Human rights activists outside of Iran told The Associated Press they weren’t surprised by the figure as authorities also allegedly carried out so-called “preventative arrests” of students not involved in the protests. Some 4,000 arrests followed the 2009 protests.

Activists also said they had concerns about Iran’s prisons and jails being overcrowded and dangerous, pointing to allegations of torture, abuse and deaths that followed the mass arrests of 2009. The New York-based Center for Human Rights in Iran says at least three detainees arrested in the recent protests have already died in custody.

“Given the systematic rape and torture of detainees in 2009 in very overcrowded and inhumane conditions, we are extremely worried about the fate of these thousands of detainees and the lack of information and access by their families and lawyers,” said Hadi Ghaemi, the executive director of the center. “It is a very troubling situation.”

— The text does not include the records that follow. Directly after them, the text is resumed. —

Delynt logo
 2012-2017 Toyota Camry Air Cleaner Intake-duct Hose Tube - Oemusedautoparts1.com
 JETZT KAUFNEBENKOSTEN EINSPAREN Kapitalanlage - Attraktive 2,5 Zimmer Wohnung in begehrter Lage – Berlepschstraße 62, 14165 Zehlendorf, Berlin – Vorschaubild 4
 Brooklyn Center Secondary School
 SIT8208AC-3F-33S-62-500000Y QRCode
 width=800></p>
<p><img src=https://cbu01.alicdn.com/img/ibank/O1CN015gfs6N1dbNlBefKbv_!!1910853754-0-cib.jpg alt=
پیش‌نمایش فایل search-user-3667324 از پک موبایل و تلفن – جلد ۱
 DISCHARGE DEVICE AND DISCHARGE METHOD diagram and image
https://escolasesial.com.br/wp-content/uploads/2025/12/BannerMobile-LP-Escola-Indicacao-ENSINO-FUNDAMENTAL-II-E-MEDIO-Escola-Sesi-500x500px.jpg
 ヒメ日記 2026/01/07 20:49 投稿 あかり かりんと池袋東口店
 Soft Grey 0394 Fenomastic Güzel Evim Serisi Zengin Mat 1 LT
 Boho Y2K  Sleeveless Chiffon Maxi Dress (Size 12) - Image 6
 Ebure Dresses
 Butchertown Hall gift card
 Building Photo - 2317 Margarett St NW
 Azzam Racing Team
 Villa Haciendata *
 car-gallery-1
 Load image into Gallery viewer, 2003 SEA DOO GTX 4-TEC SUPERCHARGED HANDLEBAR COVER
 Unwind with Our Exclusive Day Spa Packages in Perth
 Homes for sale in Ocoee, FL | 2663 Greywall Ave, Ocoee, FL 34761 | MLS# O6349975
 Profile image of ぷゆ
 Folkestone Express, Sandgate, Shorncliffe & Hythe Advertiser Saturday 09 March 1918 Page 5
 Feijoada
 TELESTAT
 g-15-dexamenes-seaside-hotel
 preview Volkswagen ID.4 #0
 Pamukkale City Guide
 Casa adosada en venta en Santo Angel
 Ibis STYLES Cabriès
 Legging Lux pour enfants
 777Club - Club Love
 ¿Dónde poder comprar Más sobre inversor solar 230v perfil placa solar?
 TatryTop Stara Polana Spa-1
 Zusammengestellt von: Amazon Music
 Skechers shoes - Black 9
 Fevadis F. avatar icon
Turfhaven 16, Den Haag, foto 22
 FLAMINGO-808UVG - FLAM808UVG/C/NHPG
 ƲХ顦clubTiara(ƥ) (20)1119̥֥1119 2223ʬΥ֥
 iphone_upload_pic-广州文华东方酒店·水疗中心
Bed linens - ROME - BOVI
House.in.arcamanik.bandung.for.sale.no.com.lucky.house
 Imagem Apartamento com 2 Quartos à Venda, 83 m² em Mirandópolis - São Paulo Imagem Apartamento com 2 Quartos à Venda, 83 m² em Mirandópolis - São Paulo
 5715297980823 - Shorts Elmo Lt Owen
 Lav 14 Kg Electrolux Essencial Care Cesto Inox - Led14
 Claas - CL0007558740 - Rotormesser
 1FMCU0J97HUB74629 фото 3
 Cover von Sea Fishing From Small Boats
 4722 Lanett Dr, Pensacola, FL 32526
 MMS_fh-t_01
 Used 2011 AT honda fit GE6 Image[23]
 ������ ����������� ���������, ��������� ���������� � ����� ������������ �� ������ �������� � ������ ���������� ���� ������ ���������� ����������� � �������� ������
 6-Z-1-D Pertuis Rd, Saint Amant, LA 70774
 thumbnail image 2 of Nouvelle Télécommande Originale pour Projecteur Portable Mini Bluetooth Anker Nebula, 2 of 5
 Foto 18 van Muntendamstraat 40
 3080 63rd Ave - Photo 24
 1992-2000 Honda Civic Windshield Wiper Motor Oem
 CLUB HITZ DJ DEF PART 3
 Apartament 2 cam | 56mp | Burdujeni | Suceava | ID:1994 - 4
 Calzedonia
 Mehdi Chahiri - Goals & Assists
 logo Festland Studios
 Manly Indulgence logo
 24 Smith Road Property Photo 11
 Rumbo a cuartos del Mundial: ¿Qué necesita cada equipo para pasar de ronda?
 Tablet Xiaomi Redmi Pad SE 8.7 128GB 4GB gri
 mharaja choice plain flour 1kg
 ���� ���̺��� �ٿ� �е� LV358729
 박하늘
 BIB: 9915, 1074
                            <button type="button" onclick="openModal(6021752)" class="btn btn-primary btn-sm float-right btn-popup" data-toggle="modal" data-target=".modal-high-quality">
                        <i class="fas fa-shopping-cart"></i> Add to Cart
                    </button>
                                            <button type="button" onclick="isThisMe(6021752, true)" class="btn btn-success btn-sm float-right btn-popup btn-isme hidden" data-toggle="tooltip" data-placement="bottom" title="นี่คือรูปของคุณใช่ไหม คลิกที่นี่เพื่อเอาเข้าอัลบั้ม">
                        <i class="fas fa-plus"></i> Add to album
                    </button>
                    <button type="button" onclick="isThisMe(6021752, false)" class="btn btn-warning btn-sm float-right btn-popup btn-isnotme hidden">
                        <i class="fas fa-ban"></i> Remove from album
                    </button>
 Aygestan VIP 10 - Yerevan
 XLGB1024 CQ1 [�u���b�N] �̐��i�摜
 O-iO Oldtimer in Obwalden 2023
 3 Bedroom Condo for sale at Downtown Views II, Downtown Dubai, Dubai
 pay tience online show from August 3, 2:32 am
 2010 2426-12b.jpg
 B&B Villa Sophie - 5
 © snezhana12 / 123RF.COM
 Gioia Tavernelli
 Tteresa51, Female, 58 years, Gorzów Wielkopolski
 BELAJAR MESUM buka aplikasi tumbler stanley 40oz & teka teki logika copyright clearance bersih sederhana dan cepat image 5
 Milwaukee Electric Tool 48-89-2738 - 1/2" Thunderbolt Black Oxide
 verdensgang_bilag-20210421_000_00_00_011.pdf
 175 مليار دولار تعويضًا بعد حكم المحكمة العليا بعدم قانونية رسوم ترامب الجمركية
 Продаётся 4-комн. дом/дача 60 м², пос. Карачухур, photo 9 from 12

Mahmoud Sadeghi, a reformist lawmaker from Tehran, offered the new figures for those arrested in a report carried Tuesday by parliament’s official news website. Authorities previously spoke of hundreds of arrests in Tehran, while other provinces offered only piecemeal figures, if any at all.

Sadeghi said 3,700 was the best number he could immediately offer, given that various security forces around the country had been involved in the arrests. Iran put more police on the streets over the arrest, including anti-riot squads, while the paramilitary Revolutionary Guard also deployed its motorcycle-riding Basij volunteer force.

Interior Minister Abdolreza Rahmani Fazli previously said about 42,000 people at most took part in the anti-government protests. Sadeghi’s figure of arrested offered Tuesday would mean nearly 10 percent of those who demonstrated were arrested.

On Tuesday, authorities in Tehran released another 70 prisoners on bail after releasing an earlier batch of 70 on Sunday, Tehran prosecutor Abbas Jafari Dolatabadi said, according to the semi-official ISNA news agency.

Iranian authorities have said that the protests are waning. That’s in part due to the government blocking access to the popular messaging app Telegram, which demonstrators used to share images of the rallies and organize. It remains difficult for journalists and outsiders to piece together what’s happening beyond Tehran, as Iran is a vast country of 80 million and travel is restricted.

Similar mass arrests followed the Green Movement protests over voter fraud allegations in the 2009 re-election of President Mahmoud Ahmadinejad, a crackdown that saw dozens killed and others tortured in custody. Rape accusations levied against jailers at the time stunned Iran.

In these protests, the Center for Human Rights in Iran said it had documented the deaths of three detainees. One died at Tehran’s Evin prison in a reported suicide. Another man detained in Arak, 235 kilometers (150 miles) southwest of Tehran, also died. His family said their son’s body bore an enormous head wound “as if he had been hit with an ax,” the center said.

Late Tuesday, Iran’s judiciary acknowledged a death in Arak via its Mizan news agency, saying an unnamed detainee committed suicide. The center alleges a third detainee died in custody in Dezful, 460 kilometers (285 miles) southwest of Tehran. While Iranian media has quoted a lawmaker on the Evin prison death, the death in Dezful had not been reported as of Tuesday.

Some university students separately have been arrested even though they haven’t taken part in the demonstrations, said Nassim Papayianni, a London-based researcher on Iran for Amnesty International. She said authorities have described those arrests as “preventative.”

The mass arrests raise questions about those detained receiving legal assistance and proper care while in custody, she said.

U.S. officials and analysts studying Iran believe conservative opponents of President Hassan Rouhani, a relative moderate within Iran’s clerically overseen government, started the demonstrations but quickly lost control of them.